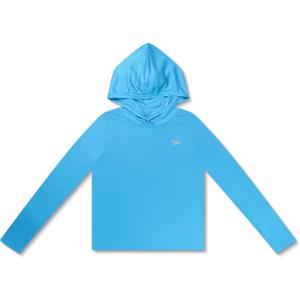 imageSpeedo Girls Uv Swim Shirt Long Sleeve RashguardHooded Tranquil Blue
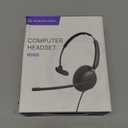 USB Headset with Microphone for PC, Computer Headset with Microphone Noise Canceling Mic for Laptop Call Center Wired Headset with Mic for Work Zoom Skype Teams from Office Home (Black) (Dual Ear)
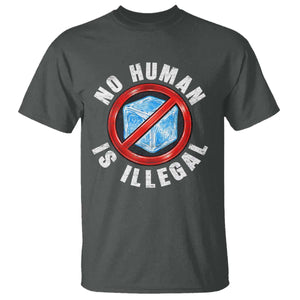 Abolish Ice No Human is Illegal T Shirt Retro Protest Subtle FDT TS10 Dark Heather Print Your Wear
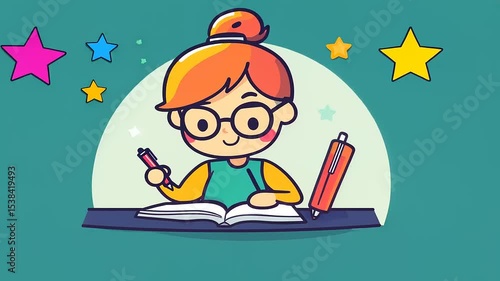 Young girl studying at a desk, writing in a notebook, surrounded by colorful stars and a creative atmosphere
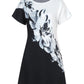 Lapa Plus Women's 3D Floral Print Loose Hem Dress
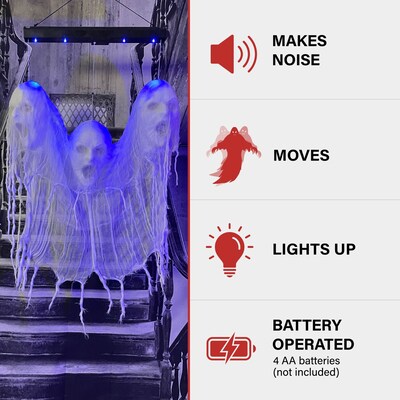 Haunted Hill Farm Animatronic Floating Ghost Heads of Halloween with Blue Glowing Lights Scary Decoration (HHSKEL-12HLSA)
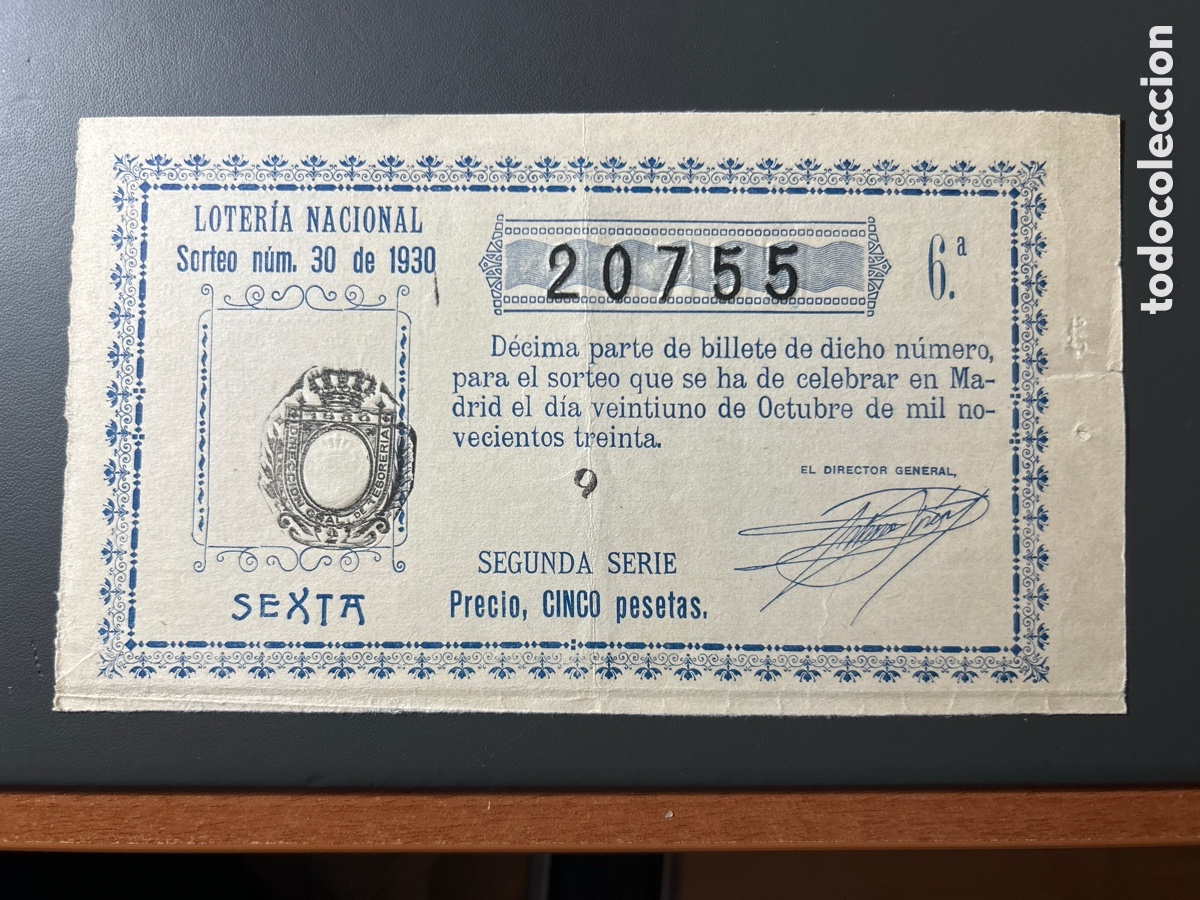 Cupones ONCE: Loteria A&ntilde;o 1930 Sorteo 30 - Foto 1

·····

* _Task statement_: Print the listing exactly, pictures excluded.

* _Result of the exercise_:
 imageSpeedo Girls Uv Swim Shirt Long Sleeve RashguardHooded Tranquil Blue
 USB Headset with Microphone for PC, Computer Headset with Microphone Noise Canceling Mic for Laptop Call Center Wired Headset with Mic for Work Zoom Skype Teams from Office Home (Black) (Dual Ear)
 Abolish Ice No Human is Illegal T Shirt Retro Protest Subtle FDT TS10 Dark Heather Print Your Wear
 Young girl studying at a desk, writing in a notebook, surrounded by colorful stars and a creative atmosphere
 Lapa Plus Women's 3D Floral Print Loose Hem Dress
 Haunted Hill Farm Animatronic Floating Ghost Heads of Halloween with Blue Glowing Lights Scary Decoration (HHSKEL-12HLSA)
 Cupones ONCE: Loteria A&ntilde;o 1930 Sorteo 30 - Foto 1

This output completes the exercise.